The reason, according to Mr McKim, is because that part of the discussion is over. Opinion polls show 80 per cent of the community want law reform in this area.
For Ms Giddings, it's a question of timing. Now's the time to get the best possible system of safeguards right, the wider debate and lobbying can wait until the legislation is considered by Parliament later this year.
The 108-page document released at the weekend turns what is a deeply emotional issue into a purely technical, legal framework.
It contains detailed comparisons with systems used in overseas jurisdictions including Oregon, Washington State, the Netherlands, Belgium and Switzerland and analyses recent reviews of the issue in Canada and the UK.
Consultation questions encourage respondents to stick to their views on how it should work here.
Rather than the fundamental dilemma of `do citizens have the right to die?' the question becomes `should voluntary assisted dying be limited to the patient self- administering the fatal dose?'
Even the working title for the proposed legislation Dying with Dignity, the name of the bill Mr McKim first introduced in 2009, has been ditched and replaced with the more clinical term voluntary assisted dying.
But try as they might to contain the discussion, at least at this point, they can expect a flood of passionate arguments for and against voluntary euthanasia.
For those who have seen loved ones suffer and die in terrible circumstances, it is understandably a deeply emotional thing.
On the other hand, opponents, often driven by strongly held religious beliefs, are appalled.
As Australian Christian Lobby managing director Jim Wallace put it: "It's about the sanctity of life."
It's a massive ask to expect people to put aside those traumatic experiences or fundamental beliefs to focus on the cold, hard practicalities of exactly how a terminally ill patient would go about ending their own life.
So, why are Mr McKim and Ms Giddings so keen to put the brakes on an all-out debate about voluntary euthanasia?
For advocates, having a robust system of safeguards to point to is the best defence against fears that the system will be abused.
The slippery slope argument contains some frightening prospects where the choice to die becomes a duty to die or death will be viewed as a quick fix making suicide more common.
Turning the public's mind to the practical step-by-step process will be the best way to stop those fears taking hold.
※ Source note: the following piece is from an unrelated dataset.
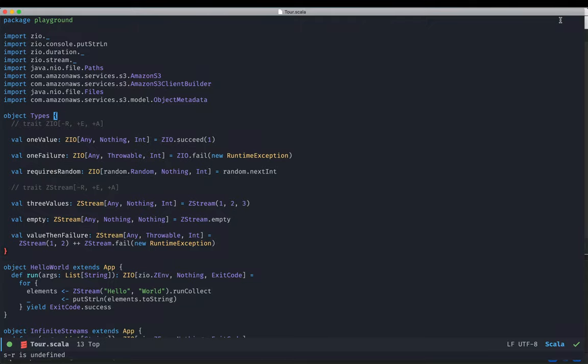Hello everyone, my name is Itamar and welcome to a tour of ZioStreams. ZioStreams is a purely functional, effectual streaming library for Scala and Zio. It features comprehensive integration with Zio's environment and typed error features. With ZioStreams, writing resource-safe Zio applications with declarative concurrency becomes a breeze. In this video, I'd like to share an assortment of useful features from ZioStreams that will make your life easier when writing applications.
As Dying with Dignity Tasmania president Margaret Sing said: "Those views need to be heard but feelings and convictions alone are not a good basis for important decisions on law reform.
"Nor can good decisions be made on the basis of ill-informed speculation and unfounded fears."
By attempting to recast the current debate as a legal and practical rather than ethical matter to deal with, Mr McKim and Ms Giddings hope to balance out the strong emotions and fears provoked by any discussion about a patient facing a terrible end to their life.
It makes sense but the details are no match for those powerful and passionate beliefs that will inevitably dominate what is set to be an intense and difficult debate.